To do: Transcribe the data below exactly, but only from the line containing "PICT0355.JPG" through its final line, both included.

Data for this exercise:
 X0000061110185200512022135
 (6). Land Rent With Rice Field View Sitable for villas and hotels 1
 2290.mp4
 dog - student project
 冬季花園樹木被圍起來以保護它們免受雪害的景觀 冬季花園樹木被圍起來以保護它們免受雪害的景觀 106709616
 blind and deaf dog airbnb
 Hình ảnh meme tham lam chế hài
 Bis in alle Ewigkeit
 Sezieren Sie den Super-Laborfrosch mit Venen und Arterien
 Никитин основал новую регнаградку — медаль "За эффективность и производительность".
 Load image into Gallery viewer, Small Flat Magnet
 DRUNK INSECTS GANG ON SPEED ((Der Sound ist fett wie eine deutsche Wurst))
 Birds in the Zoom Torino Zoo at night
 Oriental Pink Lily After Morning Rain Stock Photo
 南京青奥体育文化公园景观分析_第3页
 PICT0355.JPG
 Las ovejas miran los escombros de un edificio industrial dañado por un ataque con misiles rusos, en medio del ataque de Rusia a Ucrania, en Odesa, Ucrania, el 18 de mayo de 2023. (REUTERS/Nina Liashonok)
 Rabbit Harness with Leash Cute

Result for this task:
 PICT0355.JPG
 Las ovejas miran los escombros de un edificio industrial dañado por un ataque con misiles rusos, en medio del ataque de Rusia a Ucrania, en Odesa, Ucrania, el 18 de mayo de 2023. (REUTERS/Nina Liashonok)
 Rabbit Harness with Leash Cute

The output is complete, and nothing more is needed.